Co-directors Albert Birney and Kentucker Audley embrace experimentation and analog artistry in this visual feast

Directors Albert Birney and Kentucker Audley don’t just buck contemporary filmmaking conventions in “Strawberry Mansion” — they dared to question and challenge them. And they’ve done so by harkening back to the experimental school of moviemaking, where no topic was too controversial to touch and a variety of visual techniques could be employed to tell a story.

Set in 2035, Audley (“Christmas, Again”) stars as dream auditor James Preble, working in a world where the surveillance state polices and taxes everything, including people’s dreams.  One day he arrives at the home of Arabella (veteran actress Penny Fuller), an eccentric widow whose multi-answer response to his question of occupation he classifies as simply “artist.”

It appears that Bella, as she prefers to be called, has found a way to circumvent dream-monitoring by keeping them analog and transferring them via VHS tapes. To get inside them and compile his tally, “the Taxman,” as she calls him, dons an elaborate head contraption.

Through that, he encounters Bella’s dreams and falls for a younger Bella (Grace Glowicki). As Preble tags along her journey, which at some point intertwines with his own thoughts, a walking tree bush and a deep-voiced, toad-faced waiter in a red suit are among his many fantastical encounters.

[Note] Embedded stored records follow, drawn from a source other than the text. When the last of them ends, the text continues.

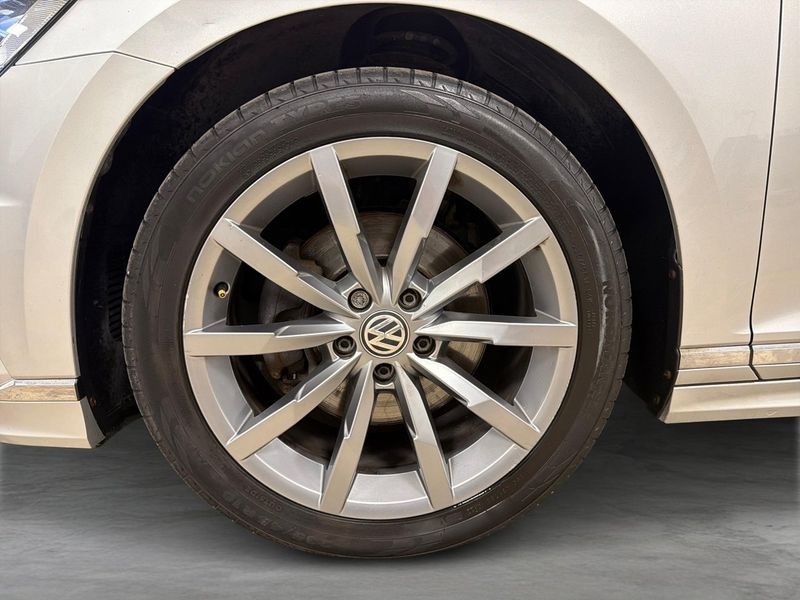 Volkswagen Passat bild 32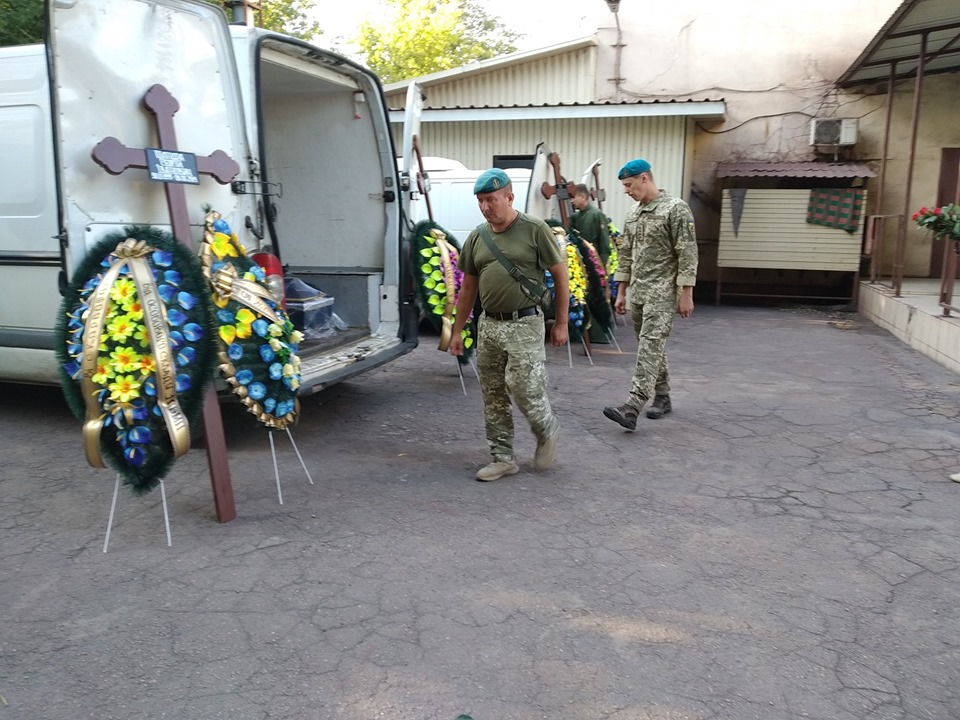 Как прощались с погибшими бойцами ВСУ: священник показал душераздирающие кадры из морга Мариуполя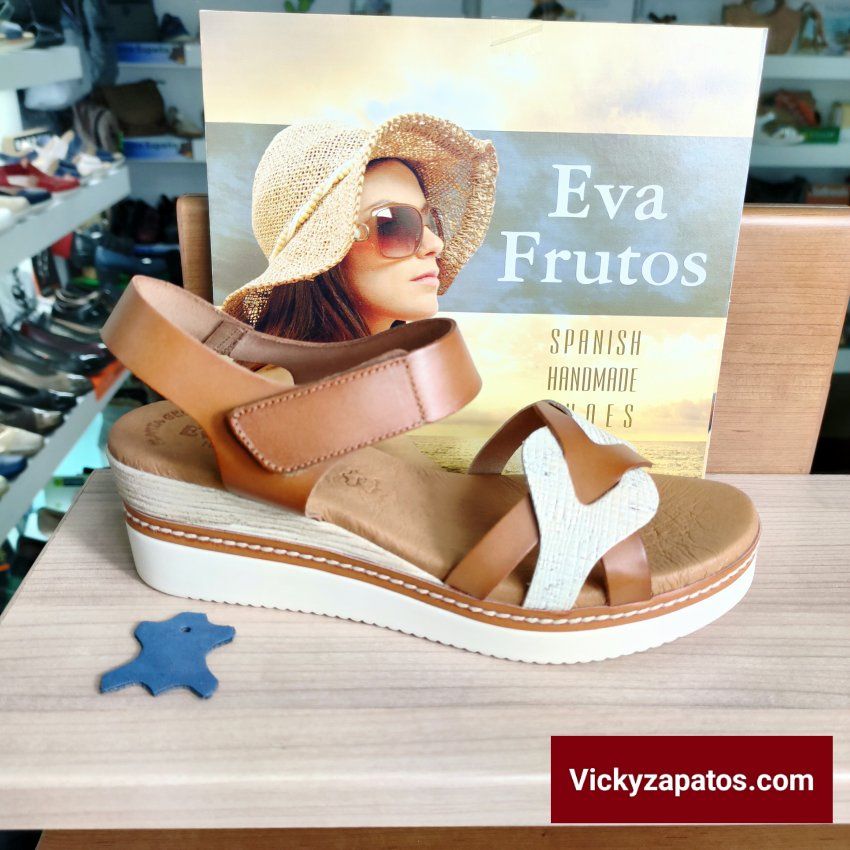 Sandalia en Piel y Planta de Gel EVA FRUTOS E23 Cuña Media Hechas en España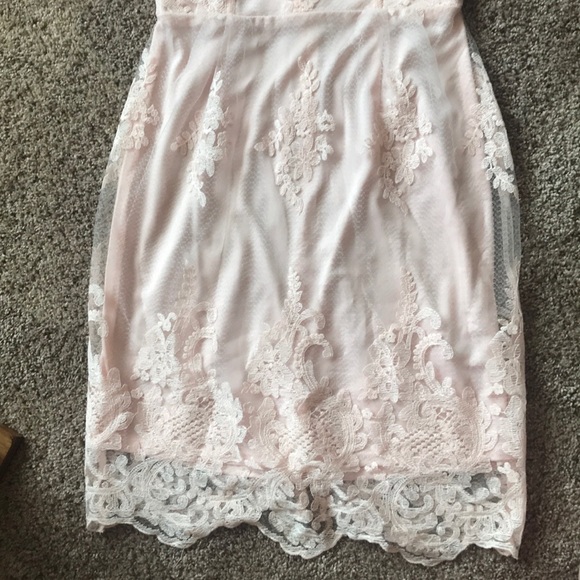 ModCloth’s Outstanding on Ceremony Dress in Blush - Picture 5 of 7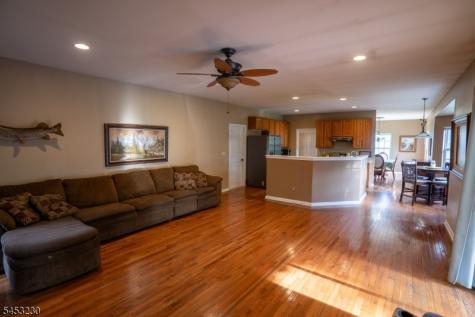 24 Shippen Ridge Oxford NJ 07863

Back in reality, he and the older Bella seem to grow close, with Preble envisioning her as her younger self the more they spend quality time together. As the older Bella, Fuller brings a lighthearted, Helen Mirren sexiness to her role, making a present-day romance with the younger Preble, egged on by her chemistry with Audley, quite plausible.

But when the worst comes to Bella, Preble is confronted by her estranged son Peter (Reed Birney, “Mass”), apparently a very powerful ad man who does not wish him well. Peter’s violent dismissal of Preble sends him on a search for Bella, in which he is boldly confronted with the danger ads pose on our dreams and imagination. The film’s creative and dramatic conclusion makes a bold statement about the power of dreams, passion, and love to conquer it all, even in the face of extreme adversity.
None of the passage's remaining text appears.